The paper provides a tight analysis showing the DPS protocol's key rate scales as η^{1+1/(n-2)}, improving previous quadratic bounds and matching BB84 performance for large n.

Findings

Key rate scales as η^{1+1/(n-2)} for the modified DPS protocol.

The rate becomes proportional to η for large n, matching decoy BB84.

The analysis is tight, confirming the optimality of the scaling.

Abstract

The performance of quantum key distribution (QKD) protocols is evaluated based on the ease of implementation and key generation rate. Among major protocols, the differential-phase-shift (DPS) protocol has the advantage of simple implementation using a train of coherent pulses and a passive detection unit.

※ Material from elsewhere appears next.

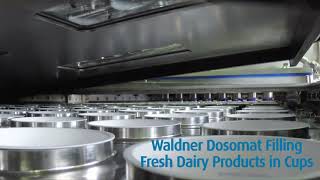 Step inside a Waldner DOSOMAT cup filling machine for fresh dairy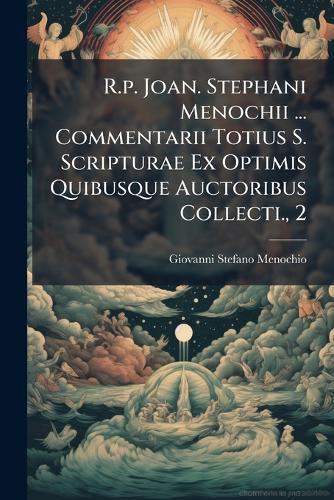 Cover image for R.P. Joan. Stephani Menochii ... Commentarii Totius S. Scripturae Ex Optimis Quibusque Auctoribus Collecti., 2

Unfortunately, however, its key rate is known to be at least proportional to $\eta^2$ with respect to channel transmission $\eta\to0$. If one can only prove the rate proportional to $\eta^2$ and cannot improve the analysis beyond that, then the DPS protocol will be deemed inferior to other major protocols, such as the decoy BB84 protocol. In this paper, we consider a type of DPS protocol in which the phase of each emitted block comprising $n$ pulses is randomized and significantly improve the analysis of its key rate. Specifically, we reveal that the key rate is proportional to $\eta^{1+\frac{1}{n-2}}$ and this rate is tight. This implies that the DPS protocol can achieve a key rate proportional to $\eta$ for a large number of $n$, which is the same scaling as the decoy BB84 protocol. Our result suggests that the DPS protocol can achieve a combination of both advantages of ease of implementation and a high key generation rate.